This situation is familiar from many different fields of public and private life. So when Benedict Anderson worked to understand historical behavior of national leaders in the ASEAN region, the example of Faust may have at times seemed relevant. Writers on politics and history all over the world refer to Faust regularly, as these passages from news publications should make clear:

  • Many Republican members of Congress have made a Faustian bargain with Donald Trump.

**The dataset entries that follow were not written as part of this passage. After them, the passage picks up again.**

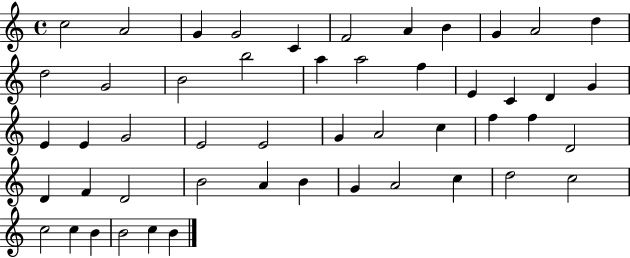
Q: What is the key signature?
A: C major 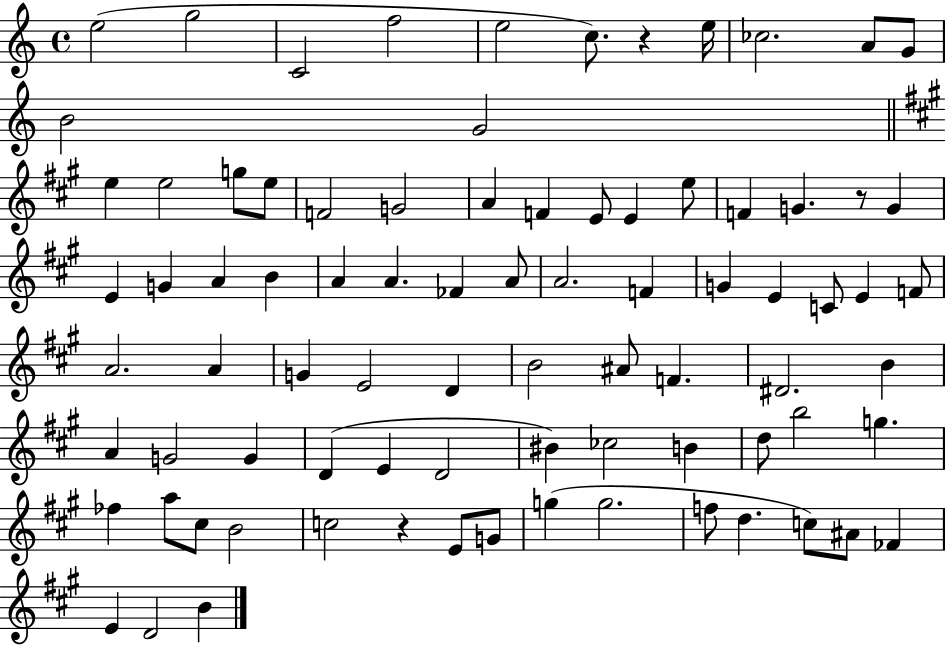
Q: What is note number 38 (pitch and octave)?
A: E4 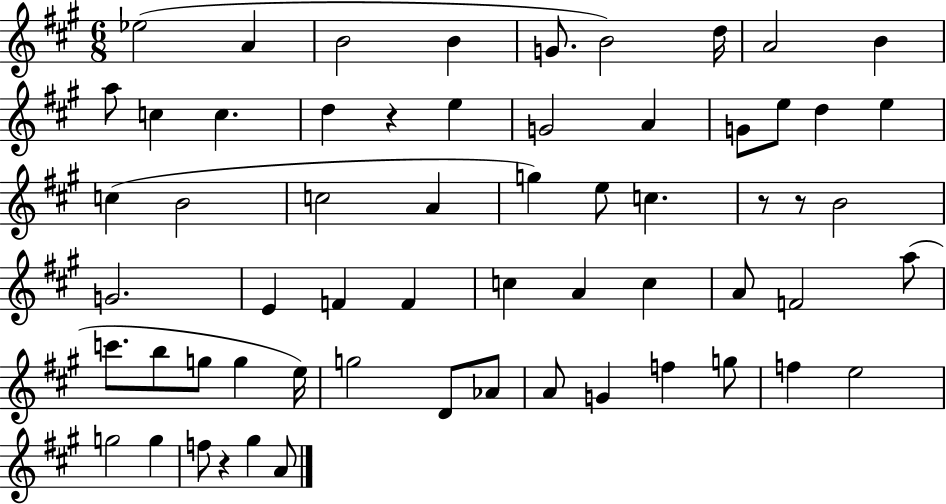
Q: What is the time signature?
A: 6/8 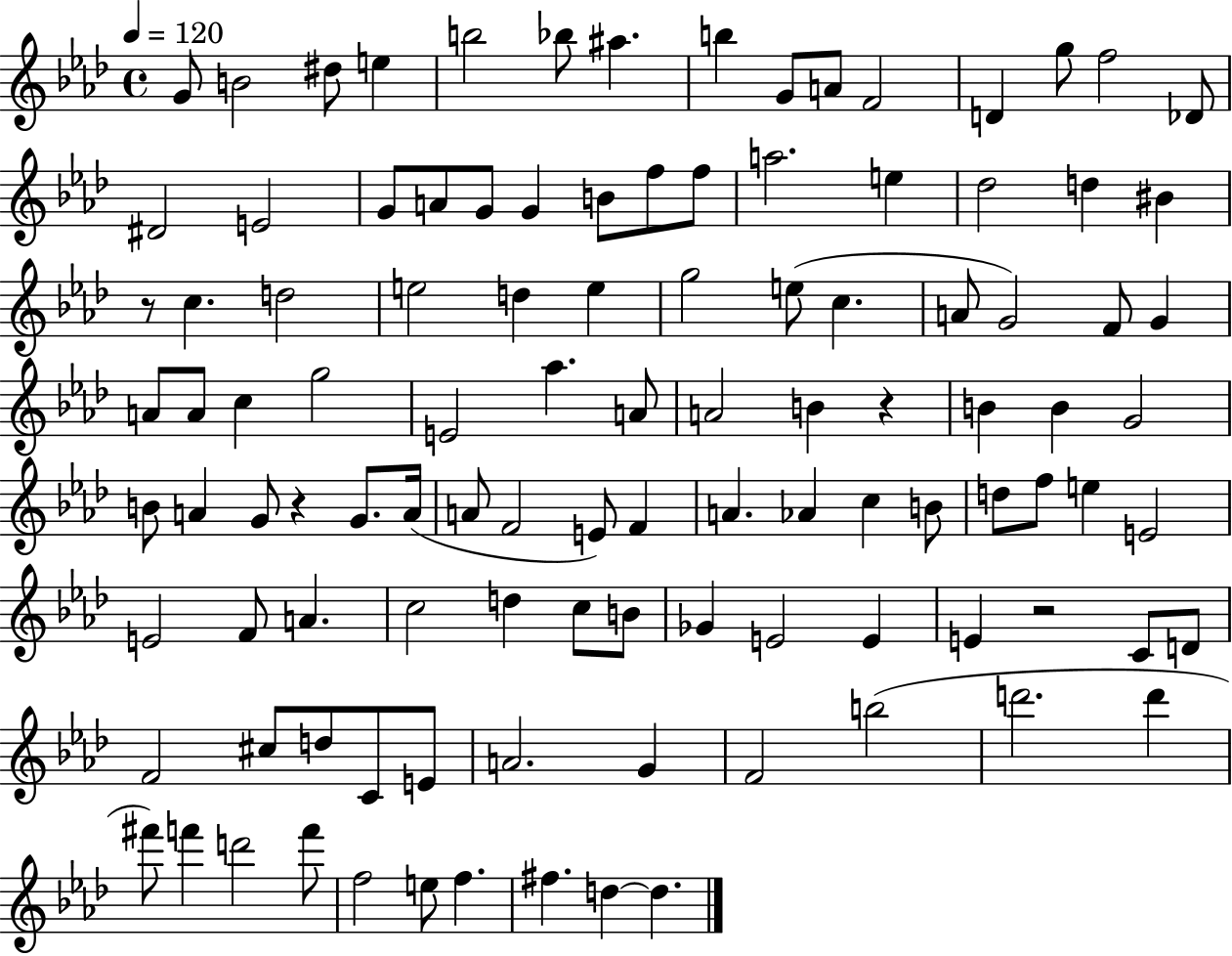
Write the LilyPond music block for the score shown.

{
  \clef treble
  \time 4/4
  \defaultTimeSignature
  \key aes \major
  \tempo 4 = 120
  g'8 b'2 dis''8 e''4 | b''2 bes''8 ais''4. | b''4 g'8 a'8 f'2 | d'4 g''8 f''2 des'8 | \break dis'2 e'2 | g'8 a'8 g'8 g'4 b'8 f''8 f''8 | a''2. e''4 | des''2 d''4 bis'4 | \break r8 c''4. d''2 | e''2 d''4 e''4 | g''2 e''8( c''4. | a'8 g'2) f'8 g'4 | \break a'8 a'8 c''4 g''2 | e'2 aes''4. a'8 | a'2 b'4 r4 | b'4 b'4 g'2 | \break b'8 a'4 g'8 r4 g'8. a'16( | a'8 f'2 e'8) f'4 | a'4. aes'4 c''4 b'8 | d''8 f''8 e''4 e'2 | \break e'2 f'8 a'4. | c''2 d''4 c''8 b'8 | ges'4 e'2 e'4 | e'4 r2 c'8 d'8 | \break f'2 cis''8 d''8 c'8 e'8 | a'2. g'4 | f'2 b''2( | d'''2. d'''4 | \break fis'''8) f'''4 d'''2 f'''8 | f''2 e''8 f''4. | fis''4. d''4~~ d''4. | \bar "|."
} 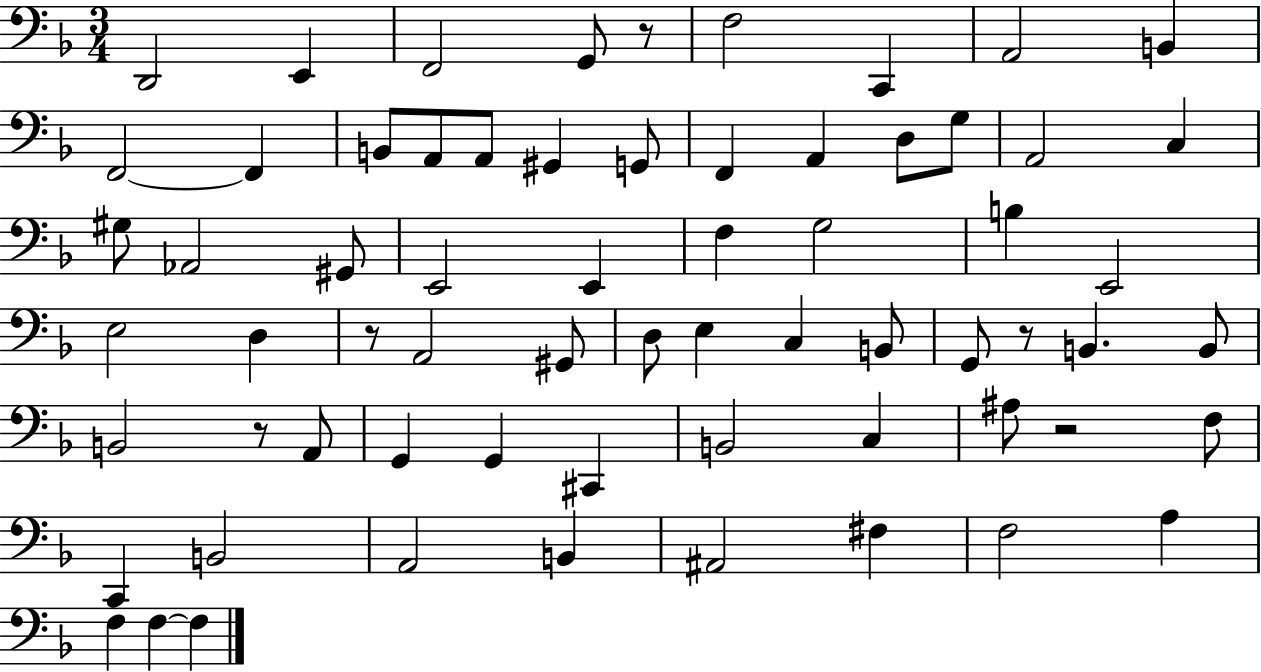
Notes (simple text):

  • Marco Rubio: Obama’s Faustian Bargain With Cuba
  • Faustian Bargains and the Testing of the Liberals
  • In the U.K., universities entered a Faustian bargain with the Treasury, to shut up about their teaching if they could deliver a promotable “research base”, almost five-sixths of which is now medicine and science. Universities need the guts to break this Faustian pact with research.
  • In Ireland, little wonder then that many unionists see the “finessing” of past paramilitary crimes into an “innocent past” as an unacceptable part of the Faustian dilemma, which undoubtedly lies at the heart of this peace process.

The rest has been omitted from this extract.